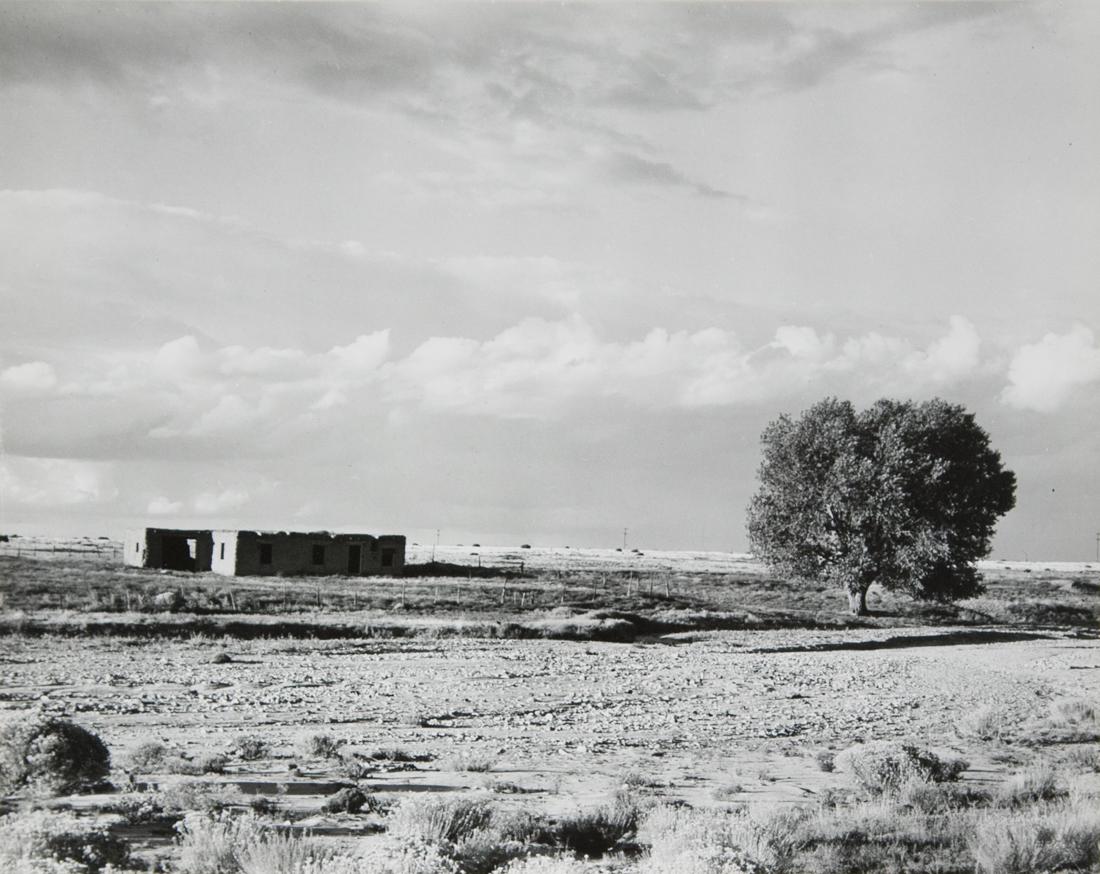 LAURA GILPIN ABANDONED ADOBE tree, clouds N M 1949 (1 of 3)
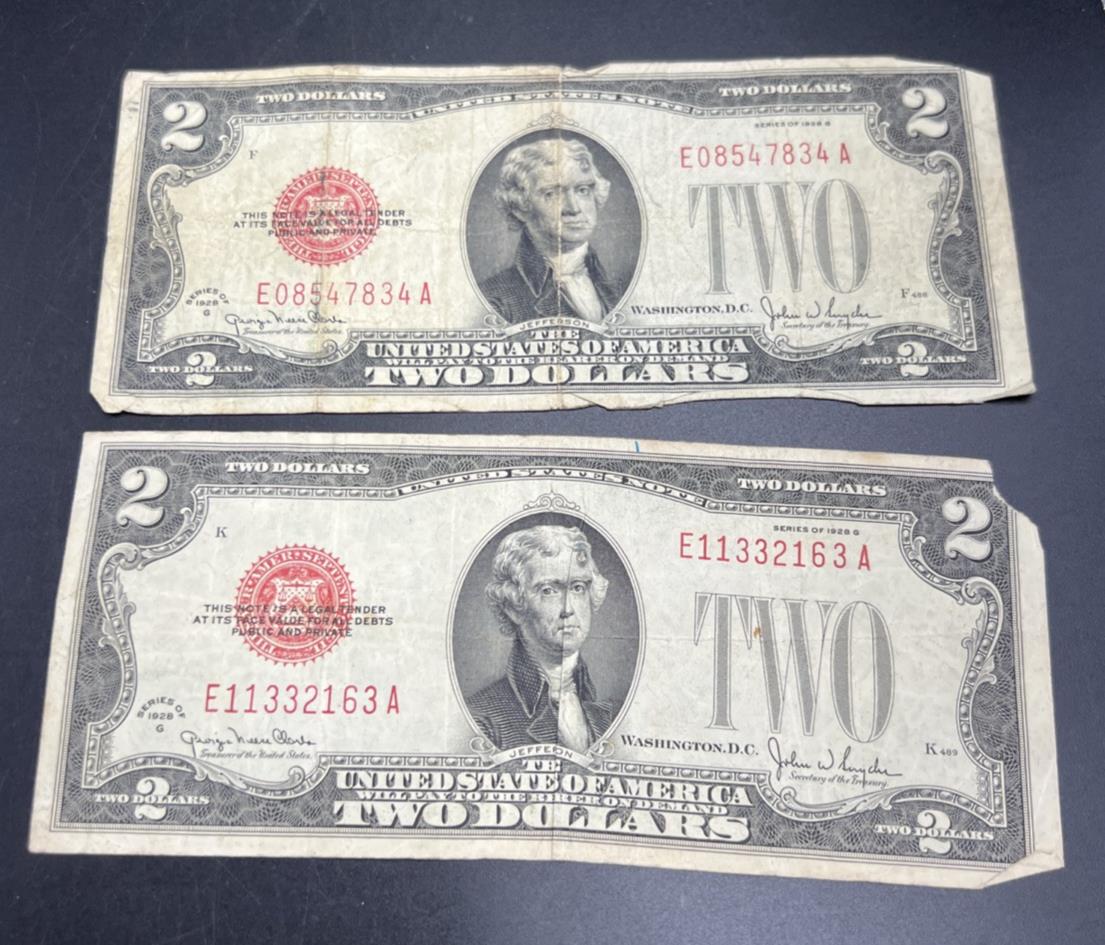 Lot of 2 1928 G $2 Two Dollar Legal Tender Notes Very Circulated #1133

==

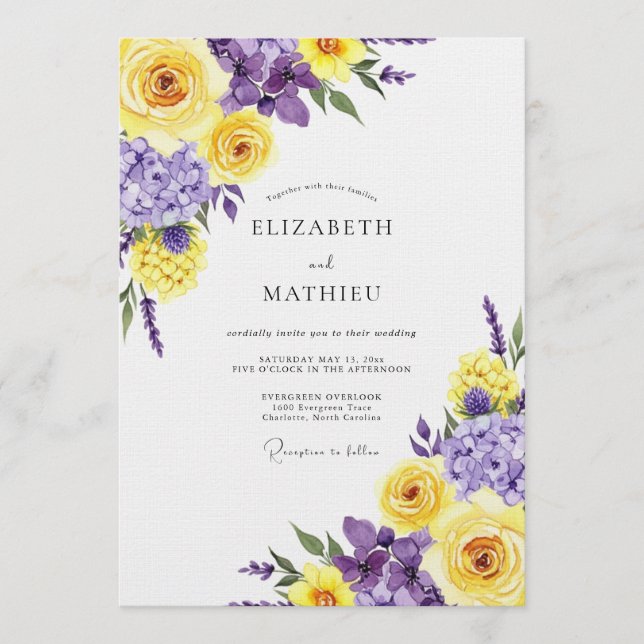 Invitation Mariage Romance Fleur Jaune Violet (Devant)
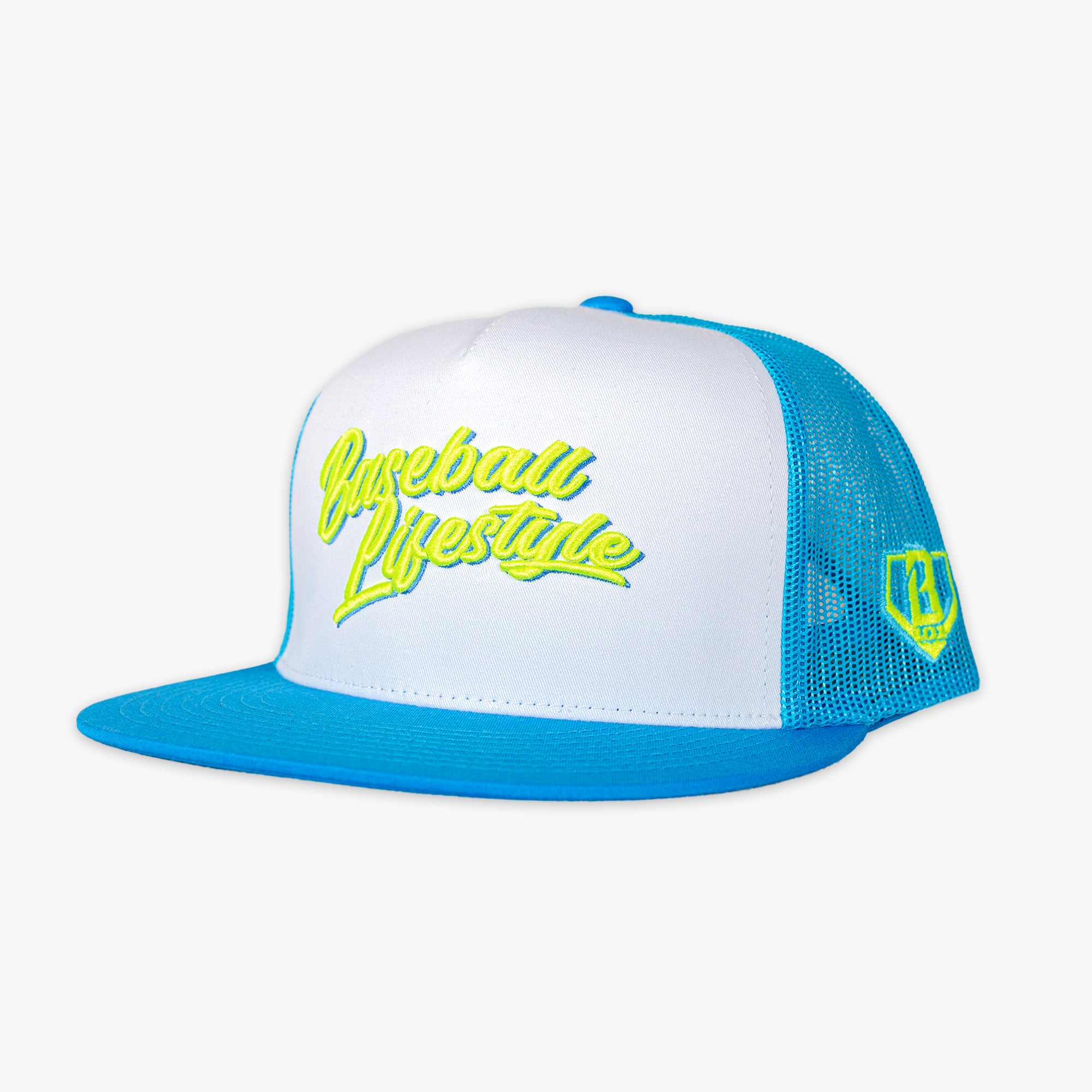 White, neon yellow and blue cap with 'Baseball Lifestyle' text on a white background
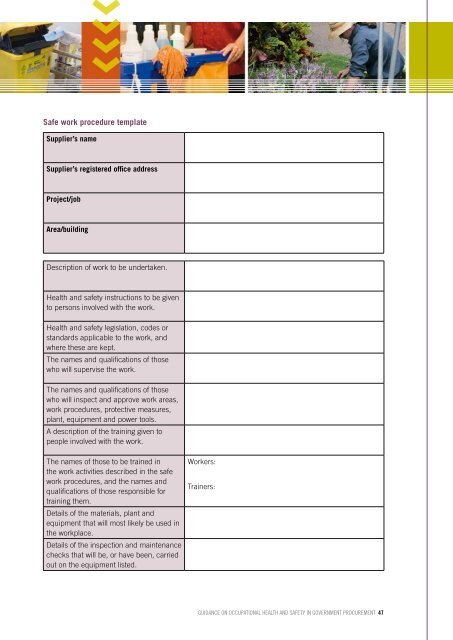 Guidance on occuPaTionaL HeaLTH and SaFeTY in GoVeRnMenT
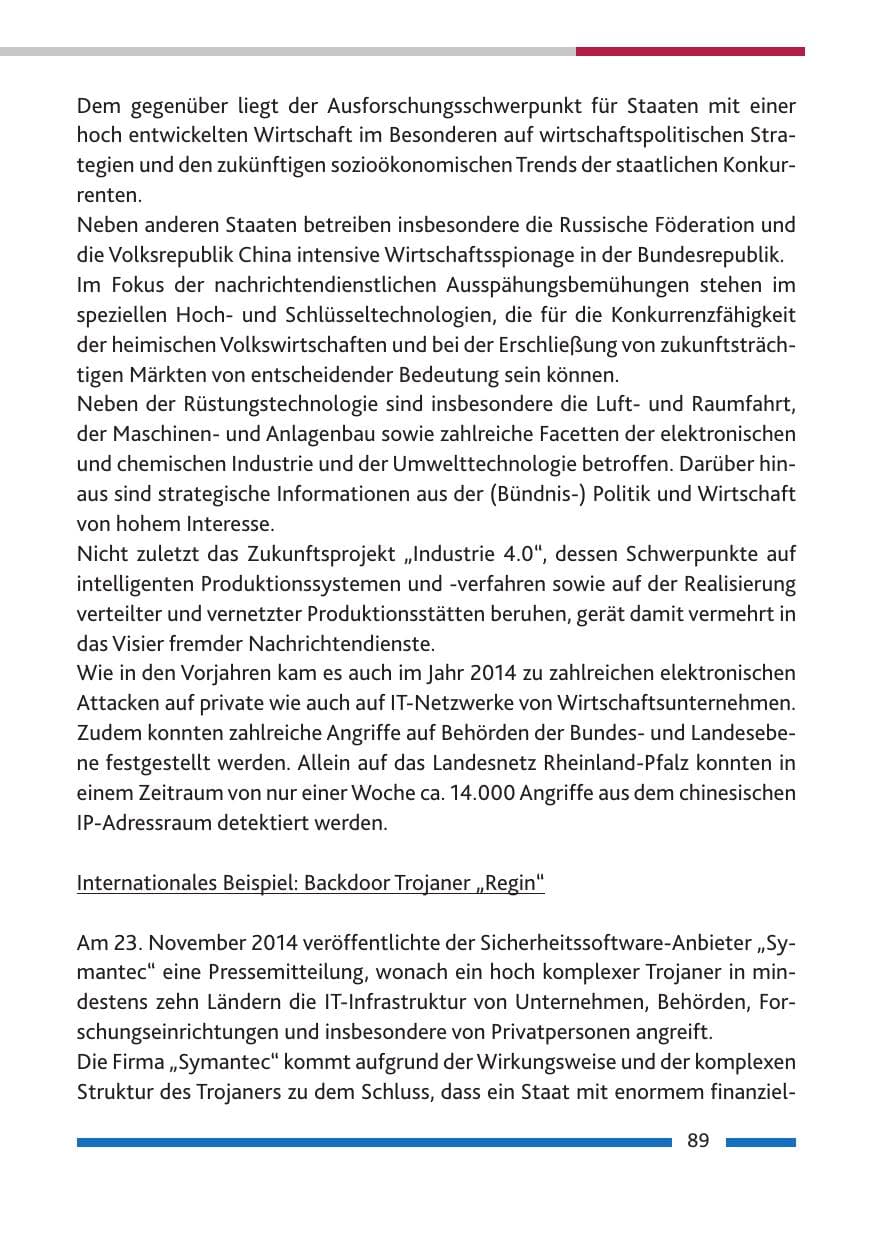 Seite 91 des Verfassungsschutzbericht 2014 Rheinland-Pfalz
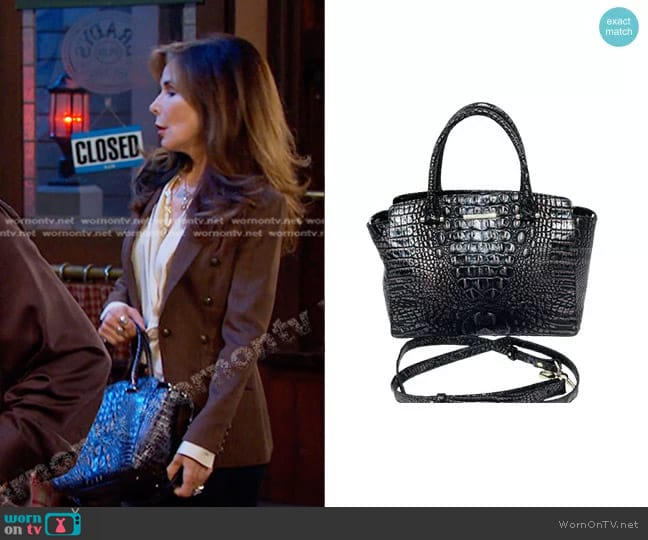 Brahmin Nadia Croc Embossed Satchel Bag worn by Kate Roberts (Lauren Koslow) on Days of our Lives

▶ **TASK PROMPT**
Only one stretch of the listing is wanted: the lines starting at the one with "Guidance on occuPaTionaL" and ending at the one with "Brahmin Nadia Croc", copied exactly and free of pictures.

▶ **ANSWER FOR THIS EXERCISE**
 Guidance on occuPaTionaL HeaLTH and SaFeTY in GoVeRnMenT
 Seite 91 des Verfassungsschutzbericht 2014 Rheinland-Pfalz
 Brahmin Nadia Croc Embossed Satchel Bag worn by Kate Roberts (Lauren Koslow) on Days of our Lives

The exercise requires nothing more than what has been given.